Las cifras se desprenden del Índice de Producción Industrial Pyme (IPIP) elaborado por la Confederación Argentina de la Mediana Empresa (CAME). El informe señala que el uso de la capacidad instalada descendió una vez más el mes pasado más de 10% y se ubica en 60,1%.
«Este cambio refleja la compleja coyuntura que atraviesa el sector. Si bien este mes se mantuvo con costos y precios más estables, no alcanzó para despertar una demanda que refleja la caída en el poder adquisitivo de las familias», explicaron desde la entidad.
El 35,6% de las empresas consultadas para la elaboración del informe plateó que la medida más esperada es una reducción de impuestos y otro 14,6% mencionó la flexibilización de las normativas laborales. Ambas decisiones, señalaron, permitirían reducir los costos y mejorar la rentabilidad.

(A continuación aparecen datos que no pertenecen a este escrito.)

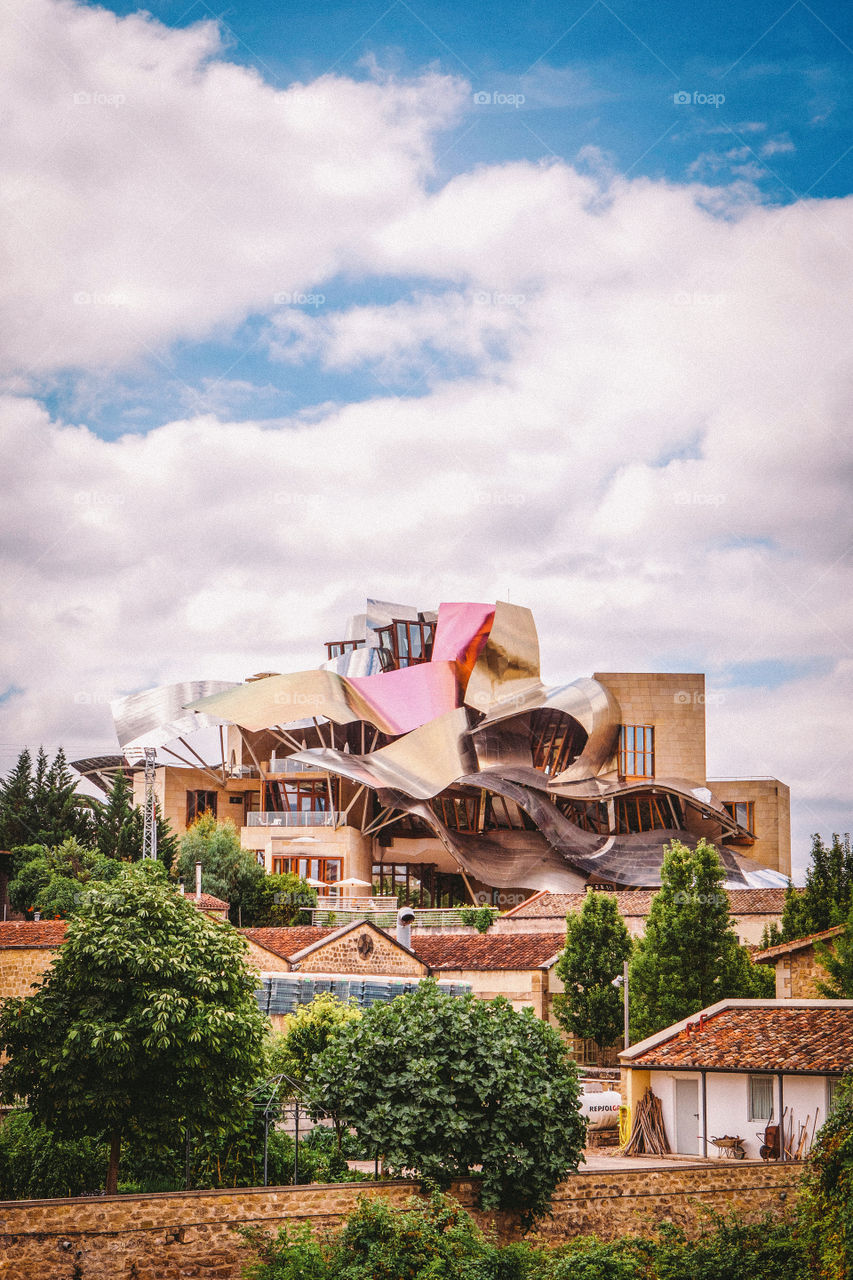 it's Good to walk around spain and see how the ancient architecture lives with the New one, as nothing happens. In the old village of El Ciego a building designed by Fran Gehry is surrended by old homes. A really beauty scenerario to visit.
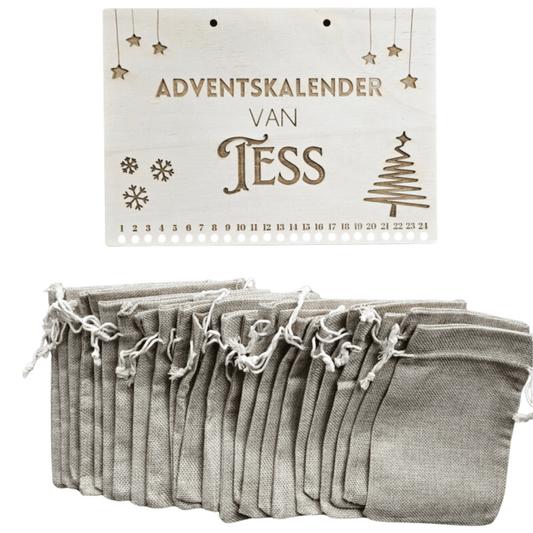 Houten adventskalender met naam Tess en jute zakjes – gepersonaliseerde aftelkalender naar kerst met naam en herbruikbare jute zakjes.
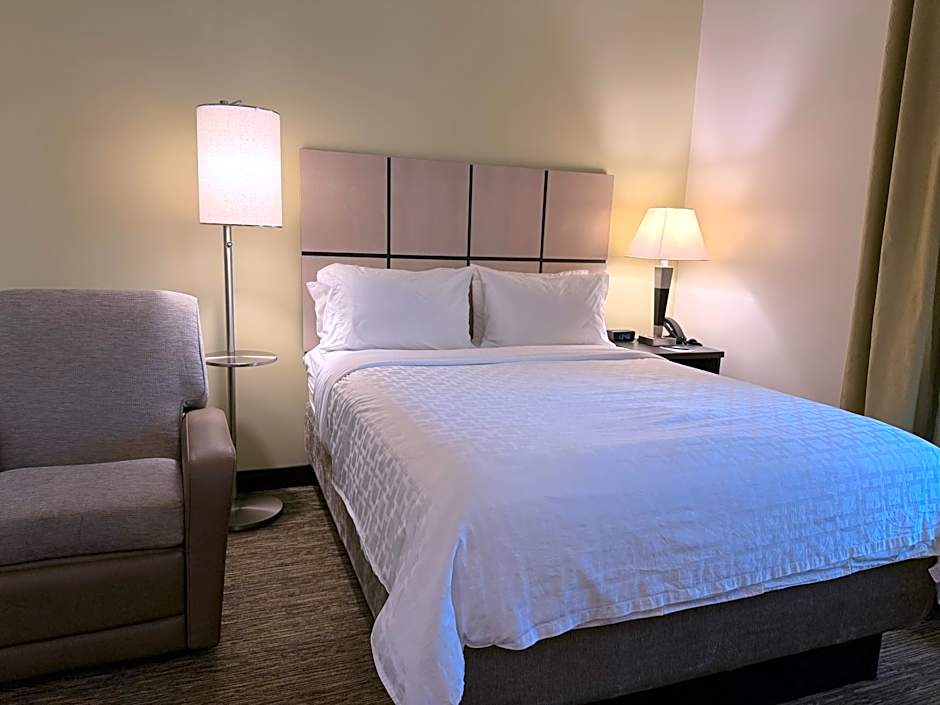 CANDLEWOOD SUITES - JACKSONVILLE - MAYPORT By IHG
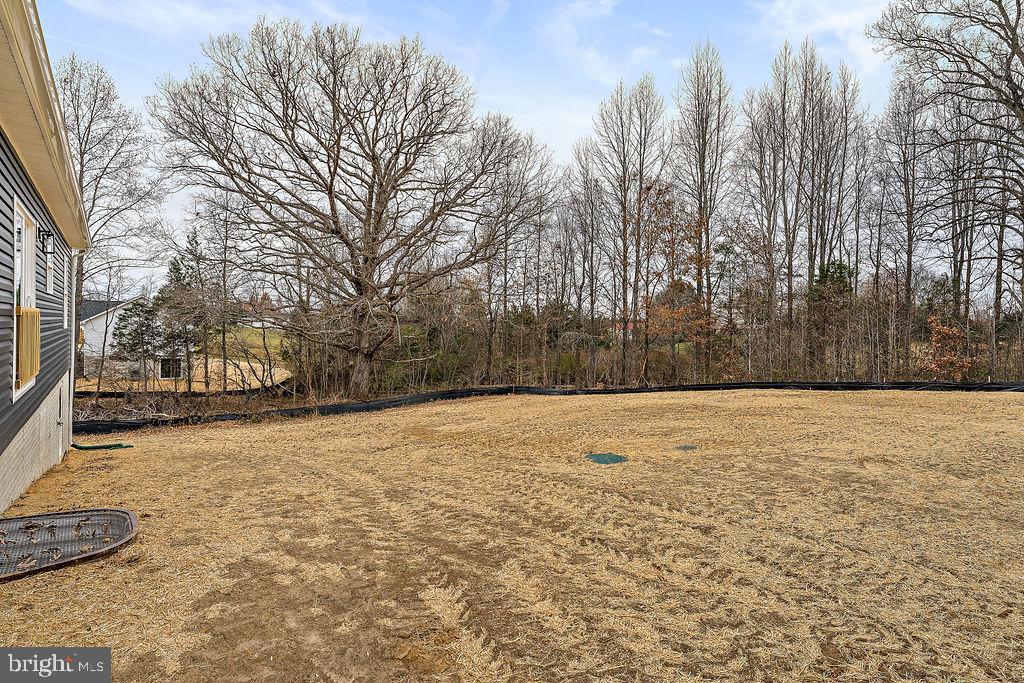 SECLUSION SHORES - Residential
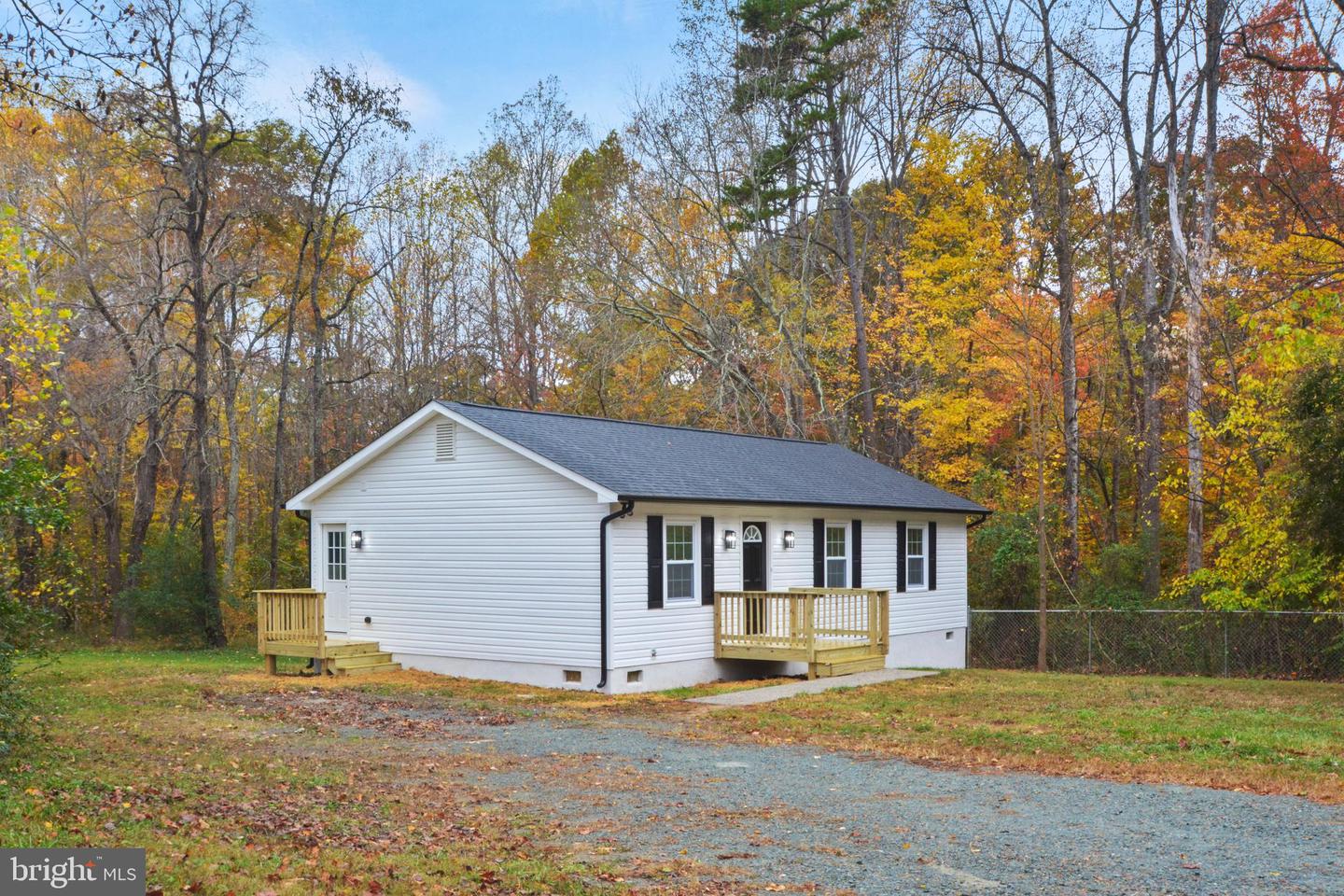 7055 LOUISA RD, GORDONSVILLE, Virginia 22942, 3 Bedrooms Bedrooms, ,2 BathroomsBathrooms,Residential,For sale,7055 LOUISA RD,VAAB2000802 MLS # VAAB2000802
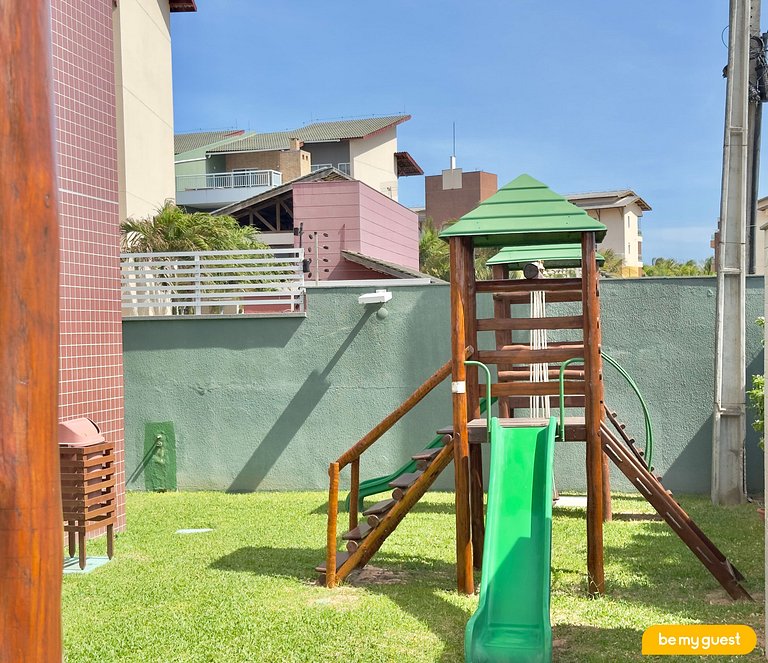 Lindo apartamento decorado e com vista mar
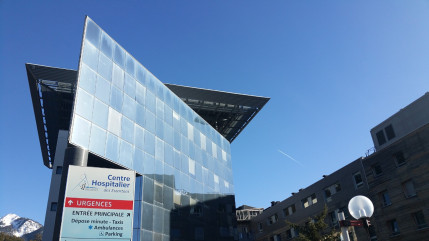 Suite &agrave; un accident sur le chantier, la pose de la premi&egrave;re pierre de la maison de sant&eacute; mentale report&eacute;e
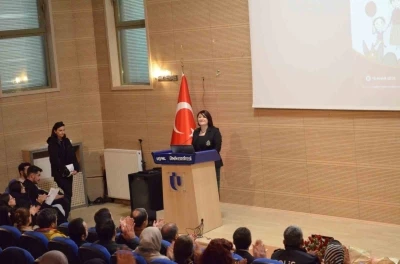 Koruyucu aileler deneyimlerini gen&ccedil;lerle paylaştı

En cuanto a los principales problemas que afrontan las pymes, 43,4% de los encuestados mencionó la falta de ventas, 34,9% los altos costos de producción y logística y 11,1% las dificultades de acceso al crédito.
Respecto a las medidas tomadas para afrontar la difícil situación, 37,7% de las empresas encuestadas dijo haber reducido gastos operativos, 26,6% diversificado la producción y 20,7% redujo las horas de trabajo.
Los rubros más golpeados fueron Papel e impresiones (-31,5%) y Químicos y plásticos (-30,3%). Pero incluso el sector que menos sufrió durante junio, Textiles e Indumentaria, retrocedió un 2,7%, y acumula una caída de 7,4% en el primer semestre respecto de igual período de 2023.